As of June 30, 2021, the Company had repaid in full $109,392 in borrowings outstanding under the promissory note. The loan was repaid out of the offering proceeds held outside of the Trust Account.
Administrative Service Fee
The Company has agreed, commencing on the effective date of the IPO through the earlier of the Company’s consummation of a Business Combination or its liquidation, to pay an affiliate of the Sponsor a monthly fee of $10,000 for office space, administrative and support services. Upon completion of the initial Business Combination or the Company’s liquidation, the Company will cease paying these monthly fees. As of June 30, 2021, the Company had accrued $26,000 of administrative support fees.
Related Party Loans
In addition, in order to finance transaction costs in connection with a Business Combination, the Sponsor may, but is not obligated to, loan the Company funds as may be required (“Working Capital Loans”). If the Company completes a Business Combination, the Company may repay the Working Capital Loans out of the proceeds of the Trust Account released to the Company. Otherwise, the Working Capital Loans may be repaid only out of funds held outside the Trust Account. In the event that a Business Combination does not close, the Company may use a portion of proceeds held outside the Trust Account to repay the Working Capital Loans but no proceeds held in the Trust Account would be used to repay the Working Capital Loans. Except for the foregoing, the terms of such Working Capital Loans, if any, have not been determined and no written agreements exist with respect to such loans. The Working Capital Loans would either be repaid upon consummation of a Business Combination, without interest, or, at the lender’s discretion, up to $1,500,000 of such Working Capital Loans may be convertible into warrants of the post Business Combination entity at a price of $1.50 per warrant. The warrants would be identical to the Private Placement Warrants. As of June 30, 2021 and December 31, 2020, no Working Capital Loans were outstanding.
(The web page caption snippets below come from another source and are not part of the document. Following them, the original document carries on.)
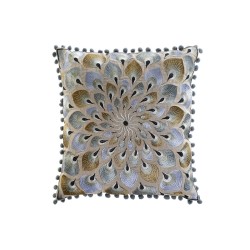 Coussin DKD Home Decor 40 x 15 x 40 cm Beige Bleu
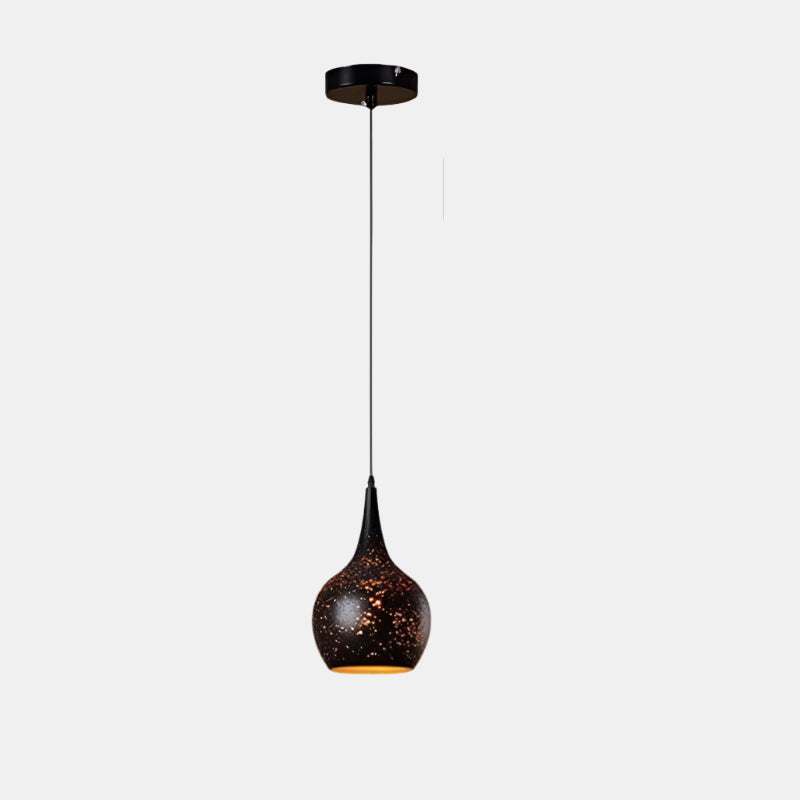 Retro Loft pendellampe med vaseformet udskåret skærm Hængelamper Tech Butik B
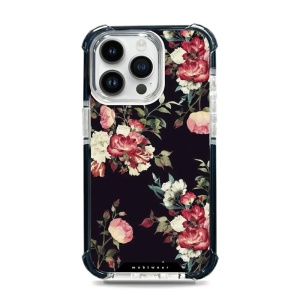 Odolný obal Mobiwear MagSafe Elite Bumper - Apple iPhone 14 Pro Max - D003D Růže na černé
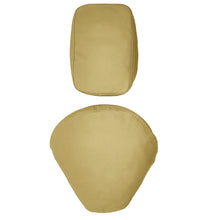 Load image into Gallery viewer, Leatherette Seat Cover Cream For Royal Enfield Classic Modal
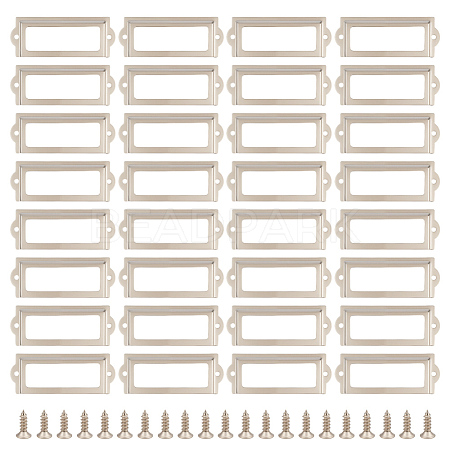 40Pcs Iron Label Frame FIND-MA0001-20P-1
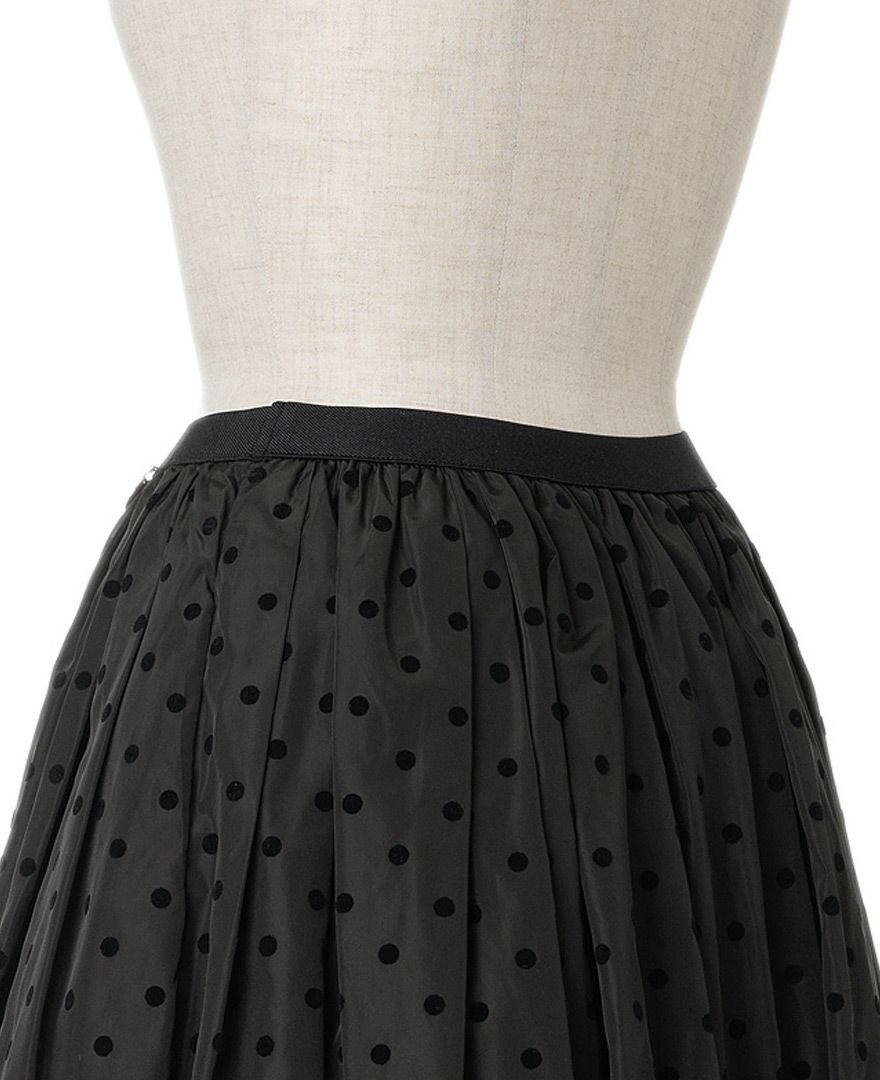 神戸・山の手フロッキードットスカート ブラック / TRECODE公式通販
Note 6 — Commitments & Contingencies
Registration Rights
The holders of the Founder Shares, Private Placement Warrants, and warrants that may be issued upon conversion of Working Capital Loans (and any shares of common stock issuable upon the exercise of the Private Placement Warrants or warrants issued upon conversion of the Working Capital Loans and upon conversion of the Founder Shares) are entitled to registration rights pursuant to a registration rights agreement signed on the effective date of the IPO requiring the Company to register such securities for resale (in the case of the Founder Shares, only after conversion to shares of Class A common stock). The holders of these securities will be entitled to make up to three demands, excluding short-form registration demands, that the Company register such securities. In addition, the holders will have certain “piggy-back” registration rights with respect to registration statements filed subsequent to the completion of a Business Combination. The Company will bear the expenses incurred in connection with the filing of any such registration statements.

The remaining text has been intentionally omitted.